How can I determine the cause of an apparent memory leak in my Apache/PHP based web app?
Solution 1:
Tracking down WHAT is causing the problem can be a pain in the ass. The first thing I'd do if I had a problem like that is reduce MaxRequestsPerChild
to an aggresively low number (~100-200) and see if that makes a difference. If it does, then you probably have code that is leaking memory in a loop somewhere and you'll want to run a code audit.
Another thing to look at is Apache's fullstatus, see if you can find out what particular request is causing the memory leak. Get the PIDs on your suspected processes and run an strace on them.
Solution 2:
Friday @ exactly 11pm? Does that correspond to a backup time? Does your system have the I/O available to serve processes and backups at that time? Does you trending software also trend # procs or even apache scoreboard, how about disk I/O?
The first thing I would do would be to calculate how much mem each proc takes, then set a reasonable limit for MaxRequests in apache so that $procmem * $procs cannot exceed available ram. I suspect your instance needs to be rebooted because OOM kicks off a witch hunt that is likely (often) not very fruitful. You need to ensure your box can handle these heavy times by staying within its bounds and not go to swap and certainly not OOM. This is harder if you have cronjobs going, and extremely difficult if said cronjobs unilatterally run without making sure it's safe to run (i.e. the every 5 minute script fails to check if the last 5min one is still running).
Now that you've ensured that even if things go wildy wrong, you won't need to reboot your box, things will start going a lot better for you. You'll be able to login during these heavy times and get a good idea of what's going on using top, dstat, free -m, iostat, etc.

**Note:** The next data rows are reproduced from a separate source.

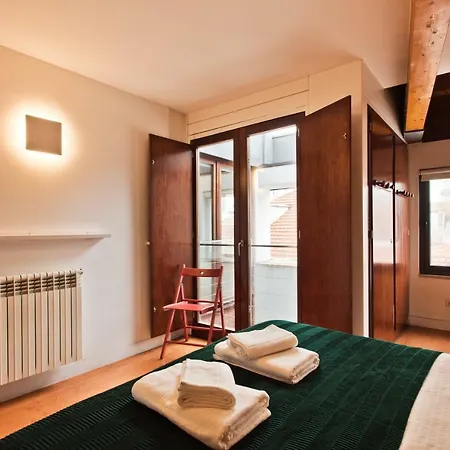 Libest Principe Real 1 - Jardim 아파트 *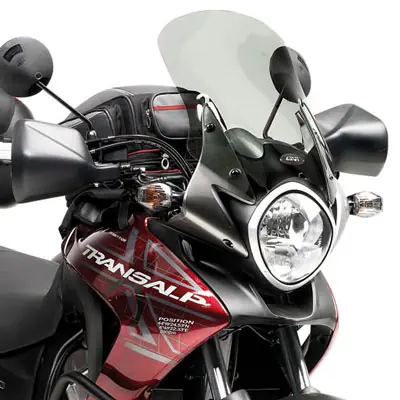 Must-Have GIVI D313S-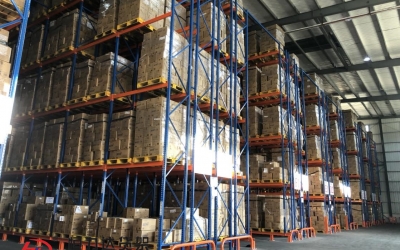 Heavy-duty-structural-storage-pallet-rack Heavy-duty-structural-storage-pallet-rack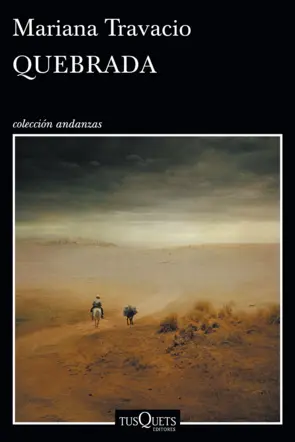 Portada Quebrada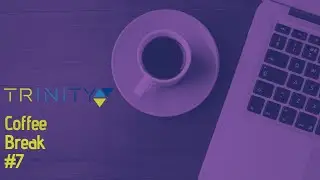 TRINITY Coffee Break #07: Stay Cool This Summer with Clean Energy Resources: Books, Videos & More!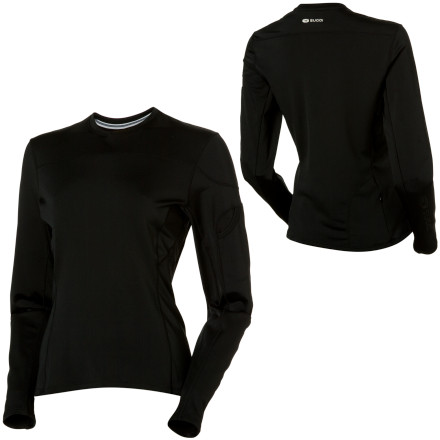 Sugoi Flash Shirt - Long-Sleeve - Women's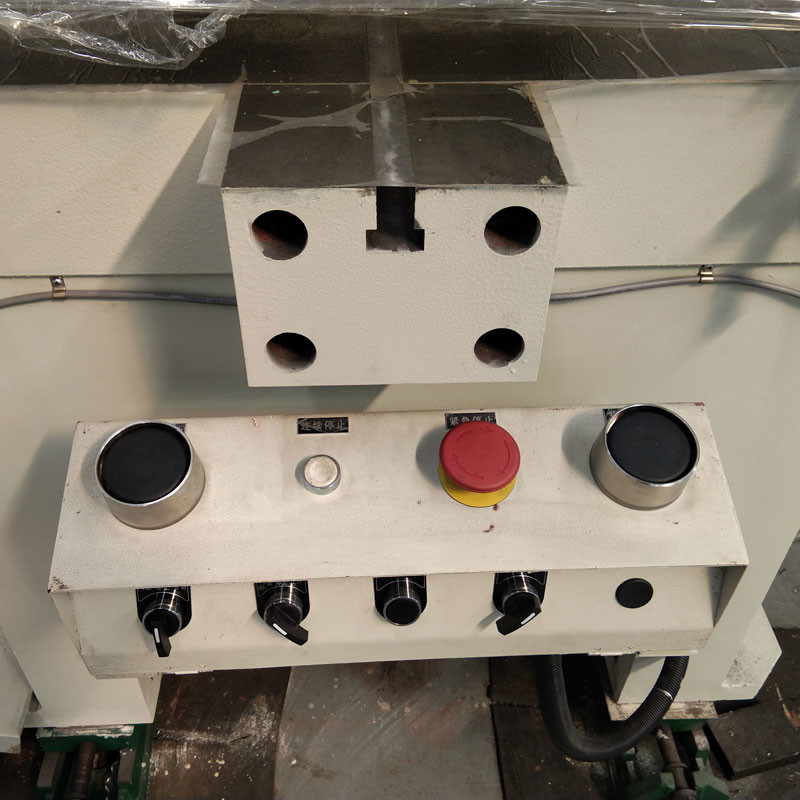 Energy Saving 160T Metal Pneumatic Punching Machine With Guardrail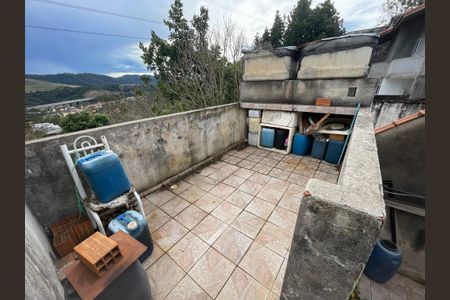 Casa à venda com 125m², 2 quartos e 2 vagas Casa à venda com 125m², 2 quartos e 2 vagasQuintal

Matt's method may be worth trying, but should only be used as a tool for troubleshooting, I do not recommend keeping it that way because it will make the overall problem much harder to find the next time you're looking for it. That said, it will only really tease out issues with apache/modules and not anything in your code. I think you'll agree the chances are good it's not some sort of memory leak in apache module (assuming you're using a reputable distro).